### Task item
Return the listing exactly as it appears, but strip out the images.

Entries provided Block Start

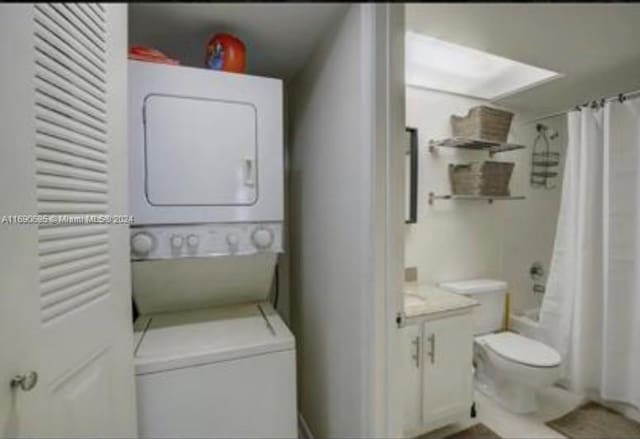 clothes washing area featuring stacked washer / dryer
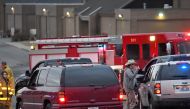 Police investigators are seen at the scene of a shooting at Marshall County High School in Benton, Kentucky, U.S., January 23, 2018. REUTERS/Harrison McClary

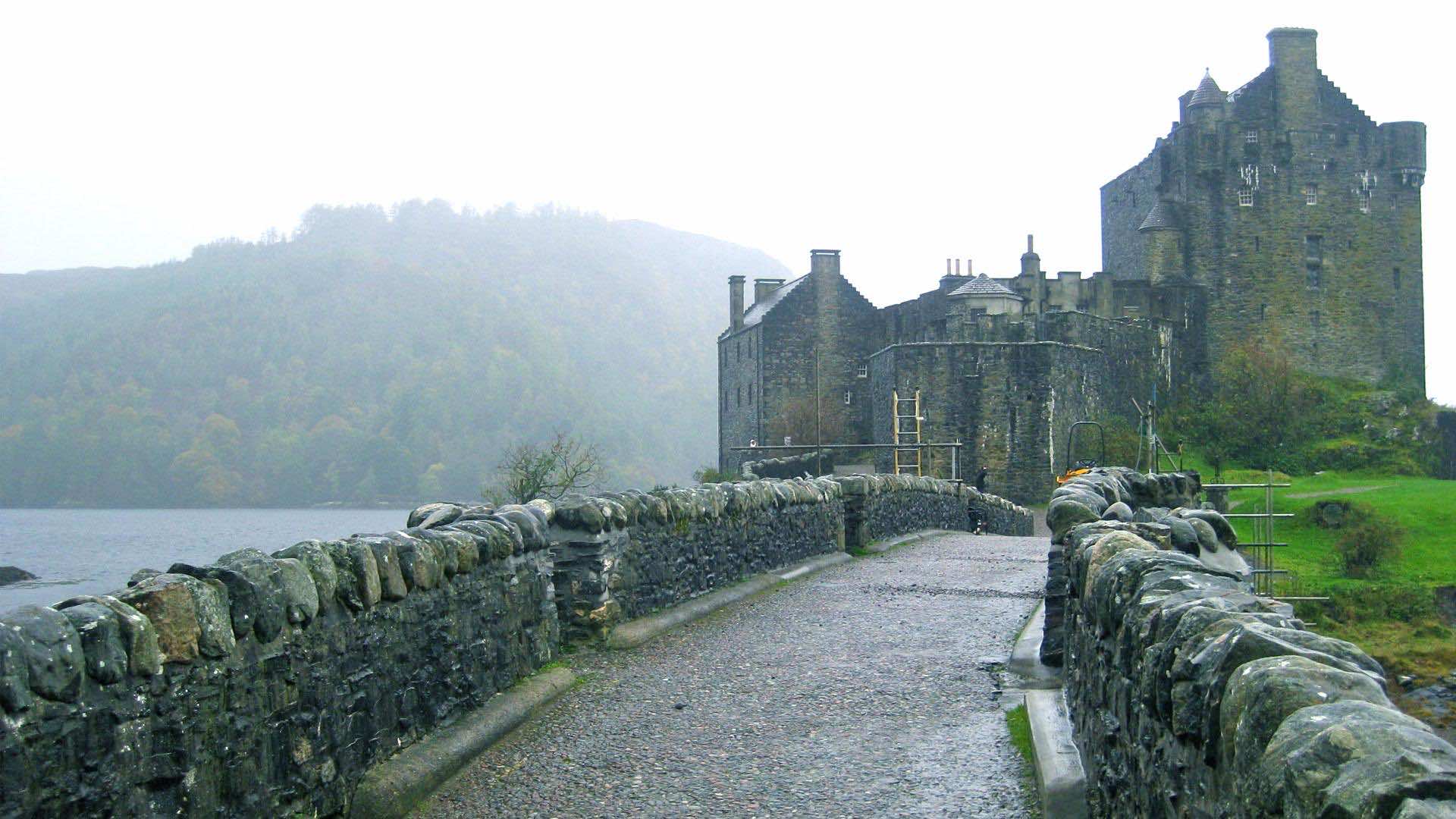 A stone bridge leading to a historic castle on a rainy day
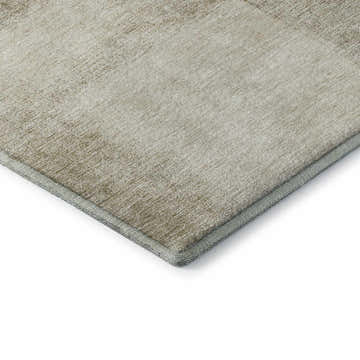 Close-up of the Dalyn Luxury Indoor/Outdoor Trevi TV10 Taupe Washable Area Rug showing its beige and tan textured design.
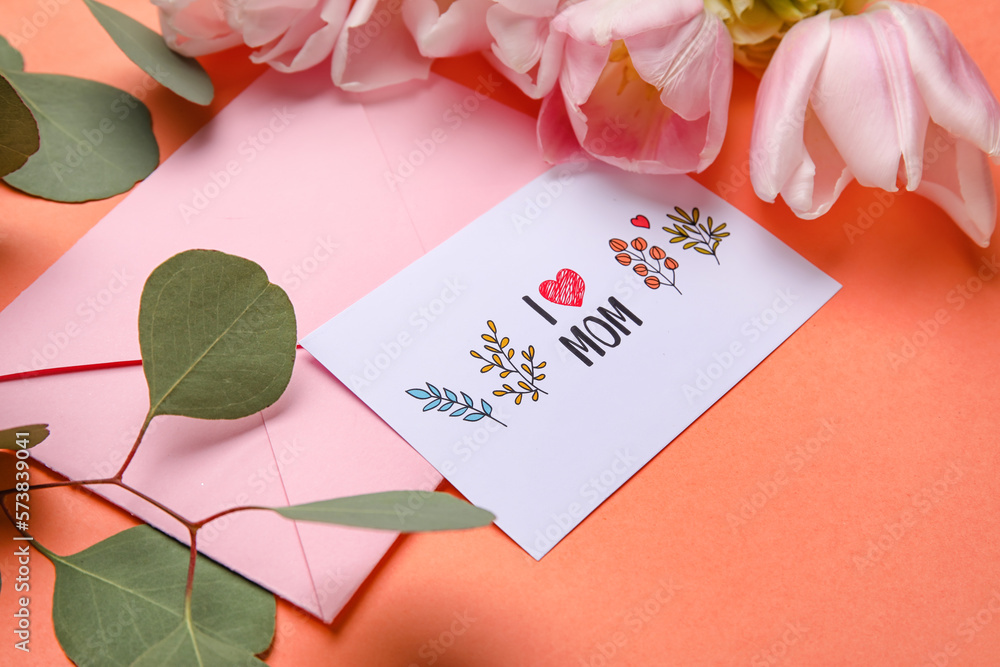 Composition with greeting card, eucalyptus branch and flowers on color background, closeup. Mothers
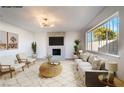 Virtually staged living room features a fireplace and large windows at 4450 San Rafael Ave, Las Vegas, NV 89120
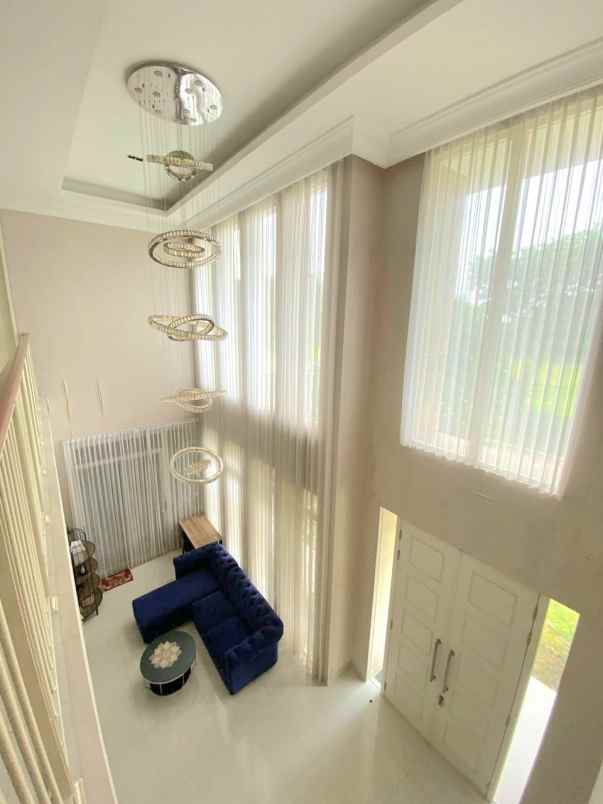 dijual rumah pakuwon city grand island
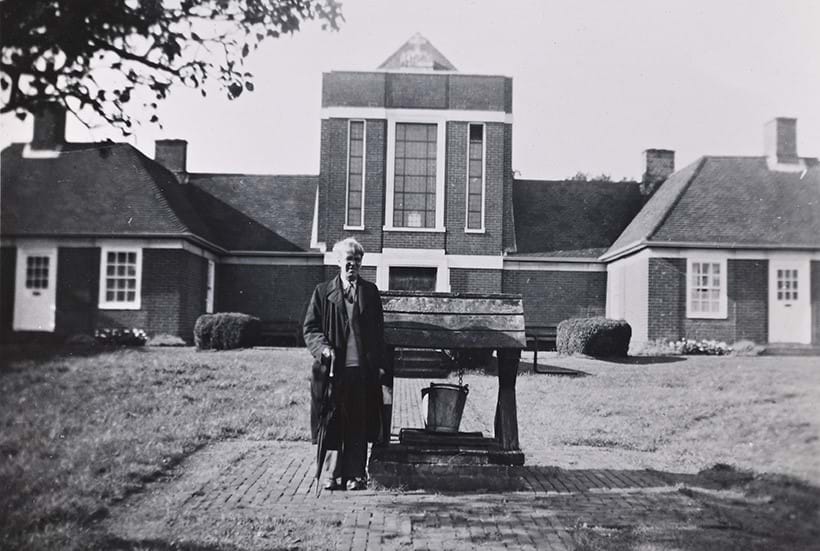Inline Image - Stanley standing before the Sandham Memorial Chapel © The Estate of Sir Stanley Spencer
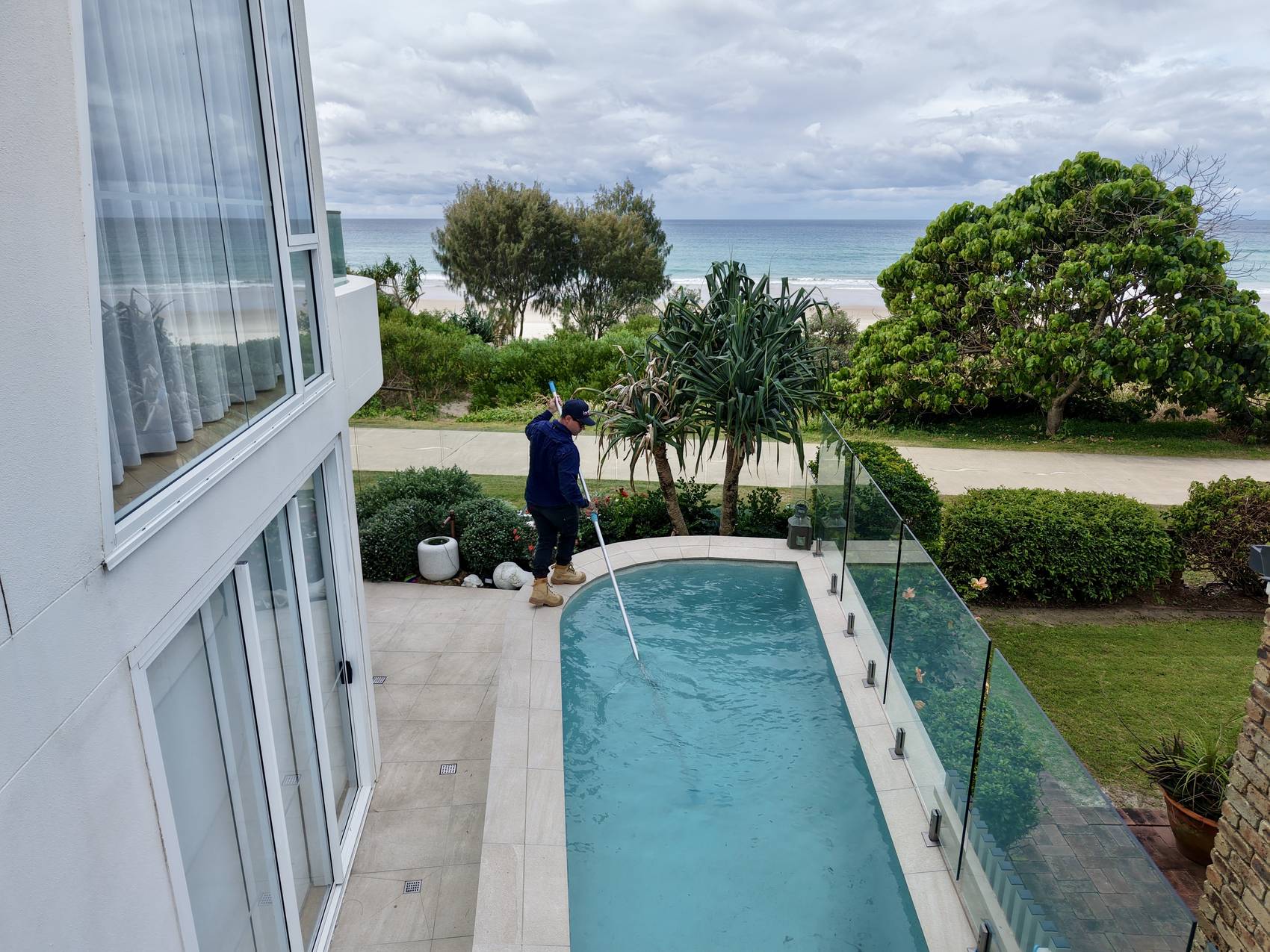 Blue Avenue Pools servicing a canal-front pool on the Gold Coast, ocean directly behind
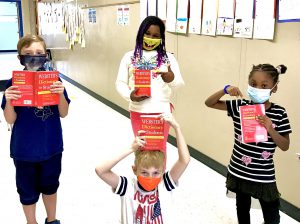 Four third grade students hold their red dictionaries. All are wearing masks.
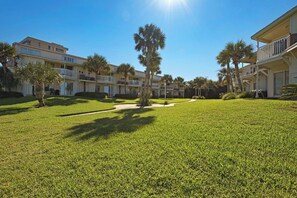 A hotel courtyard with a well-maintained lawn, palm trees, and a clear blue sky. - 🌊🏖️ Sand Dollar W-210 | Steps to Beach + Bunk Room | Pensacola Beach (Pensacola Beach)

Entries provided Block End

### Task result
 clothes washing area featuring stacked washer / dryer
 Police investigators are seen at the scene of a shooting at Marshall County High School in Benton, Kentucky, U.S., January 23, 2018. REUTERS/Harrison McClary

 A stone bridge leading to a historic castle on a rainy day
 Close-up of the Dalyn Luxury Indoor/Outdoor Trevi TV10 Taupe Washable Area Rug showing its beige and tan textured design.
 Composition with greeting card, eucalyptus branch and flowers on color background, closeup. Mothers
 Virtually staged living room features a fireplace and large windows at 4450 San Rafael Ave, Las Vegas, NV 89120
 dijual rumah pakuwon city grand island
Inline Image - Stanley standing before the Sandham Memorial Chapel © The Estate of Sir Stanley Spencer
 Blue Avenue Pools servicing a canal-front pool on the Gold Coast, ocean directly behind
 Four third grade students hold their red dictionaries. All are wearing masks.
 A hotel courtyard with a well-maintained lawn, palm trees, and a clear blue sky. - 🌊🏖️ Sand Dollar W-210 | Steps to Beach + Bunk Room | Pensacola Beach (Pensacola Beach)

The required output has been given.